Swiss Family Robinson

 

Swiss Family Robinson

Swiss Family Robinson is a true classic novel which was first published in 1812.  The story is about a family from Switzerland that was shipwrecked on an uninhabited desert island near New Guinea.  They were on the way to Port Jackson, Australia which was to be their new home after losing their fortunes as a result of the Swiss Revolution of 1798.  This revolution was highly influenced by Napoleon's French revolution.  The family consisted of the father, mother, and four sons.  They were able to survive and eventually thrive on the island utilizing the ship's supplies, reliance on each other, prayer, their vast knowledge, and the island resources.  In fact, the island became a paradise where they eventually found everything they needed.

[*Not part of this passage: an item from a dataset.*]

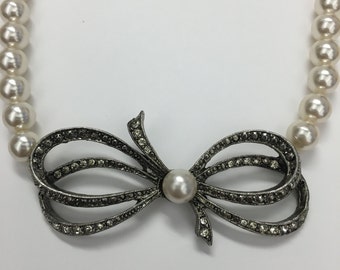 Vintage Costume Jewelry- Pearl Necklace with Silver and Rhinestone Bow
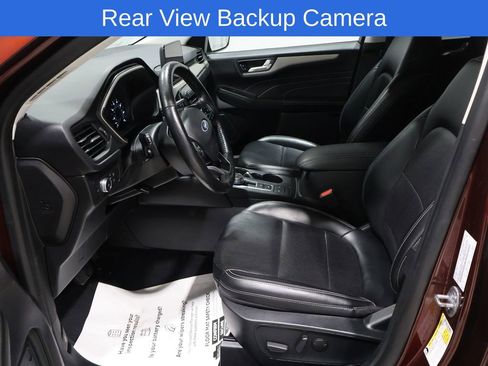 Used 2021 Ford Escape SEL image 2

The novel was written Johann David Wyss who was a Swiss pastor and edited by his son Johann Rudolf Wyss.  Unfortunately, the story had an abrupt finish since the author passed away before completing it.  The first English translation was completed by William Godwin in 1814.  By the mid 19th century there were numerous English translations with several variations. Many of the translations, including the version that you can read on this site, were based on the popular French edition written by the Baroness de Montolieu who provided a conclusion to the novel with permission from JR Wyss.  However, JR was not satisfied with her ending and thus wrote his own, which is the most widely known ending.

Lost in translation is the meaning of the title "Swiss Family Robinson".   It is not about a family named Robinson, especially since Robinson is not a Swiss name.  The title implies the Swiss Family version of Robinson Crusoe.

Film and TV.  Several adaptations of the novel were made for film or TV.  The most popular film version was produced by Disney in 1960 and directed by Ken Annakin. An earlier version was released by RKO and directed by Edward Ludwig in 1940. The most popular TV adaptation was made in 1975, starring Martin Milner.

E-book.  The e-book in this site is from the digitized 1851 translated English version.  The original source is kept at one of the University of Florida libraries.